Por Gilson M.
Gondim
Franklin
Delano Roosevelt, democrata, era presidente dos Estados Unidos pela terceira
vez consecutiva (naquele tempo isso era permitido). Eleito em 1932, no auge da
Grande Depressão iniciada em 29 sob governo republicano, seria reeleito em 36,
40 e 44 (foi o caso Roosevelt que fez o Congresso americano mudar a lei; hoje
ninguém pode se eleger presidente mais do que duas vezes, consecutivas ou não).
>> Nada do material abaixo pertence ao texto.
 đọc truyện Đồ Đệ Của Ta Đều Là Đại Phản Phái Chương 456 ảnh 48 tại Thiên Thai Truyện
Sua política econômica, conhecida como "New Deal", algo como
"Novo Plano" ou "Novo Trato", que previa grandes gastos públicos
em infraestrutura, mesmo correndo o risco de aumento da inflação, começou a
tirar o país da Depressão, o que só aconteceria totalmente com a efervescência
econômica causada pela Segunda Guerra Mundial.
Getúlio Vargas
liderara em 1930 uma revolução modernizante e industrializante no Brasil. Fora
presidente eleito pelo Congresso e em 1937 tornou-se ditador, com a implantação
do chamado Estado Novo, inspirado nos Estados fascistas europeus de Mussolini,
Hitler, Franco e Salazar. Na década de 50, tornar-se-ia presidente constitucional,
eleito diretamente, até se suicidar em agosto de 1954, mas isso é outra
história.
No começo da
Guerra, Vargas tinha simpatias pelo chamado Eixo Berlim-Roma-Tóquio, mas se
manteve fora do conflito e, com a mudança dos ventos, aliou-se pragmaticamente
aos Estados Unidos. Foi aí que veio o pedido do todo-poderoso Roosevelt para
encontrar-se com ele.
O encontro se
deu em Natal, Rio Grande do Norte, em 28 de janeiro de 1943. Roosevelt e
Getúlio conversaram sem intérpretes, mas não em inglês, muito menos em português.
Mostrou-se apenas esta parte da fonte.